Reinheim (dpa/lhe). Sie geben keinen Laut von sich und trotz ihrer großen Zahl sind sie eher unauffällig. Dutzende Regenwürmer pro Quadratmeter pflügen die Erde um und reichern die sie mit natürlichem Dünger an. Und man kann mit den Tieren auch Geschäfte machen.

In einem Lagerschuppen rotieren die Trommeln eines rund vier Meter langen, selbstgebauten Siebes. Hier wird keine Spreu vom Weizen getrennt, sondern Regenwürmer vom Humus. In einem immer hellen und stets belüfteten Lagerraum stehen reihenweise weiße Plastikwannen.

Fährt man durch die mit Pferdemist angereicherte Erde in den Behältern, hat man mit einem Schlag Dutzende der blinden, tauben, stummen und für die Natur so wichtigen Tiere auf der Hand. Ihre Exkremente sind hochwertiger Naturdünger. «Wir haben zwei verschiedene Würmer», sagt Benjamin Fröse in seiner kleinen Wurmzucht Bestworm im südhessischen Reinheim. Einen für die Angelhaken, die sind deutlich größer. Einen anderen als Kompostwurm.

Regenwurm ist das zweitwichtigeste Tier der Welt

«Für die beschleunigte Kompostierung von organischem Abfall und die Erzeugung hochwertiger Erde, zum Beispiel für den eigenen grünen Garten oder den heimischen Gemüseanbau, spricht nichts gegen die Verwendung von Regenwürmern aus Wurmfarmen», sagt der Referent für Artenschutz beim Naturschutzbund Nabu, Sebastian Kolberg.

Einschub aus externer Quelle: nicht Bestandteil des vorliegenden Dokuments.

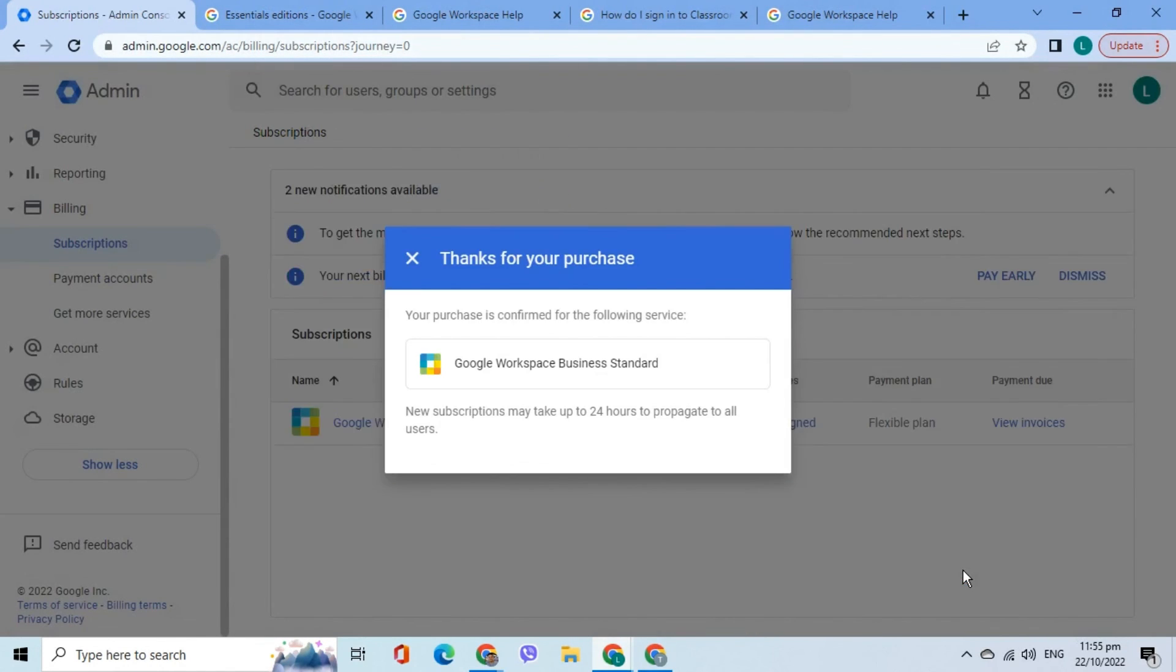As shown on the screen, I have successfully switched to a new subscription which is Google Workspace Business Standard.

«Der Regenwurm ist das zweitwichtigste Tier der Welt nach den Bienen», sagt Fröse. Sie düngten die Böden und machten sie dazu bereit, mehr Wasser aufzunehmen. Sein Interesse an den Tieren wurde aber eher zufällig geweckt. «Die Würmer sind ein Nebenerwerb», sagt der 49-Jährige, der die Anlage zusammen mit seiner Familie betreibt.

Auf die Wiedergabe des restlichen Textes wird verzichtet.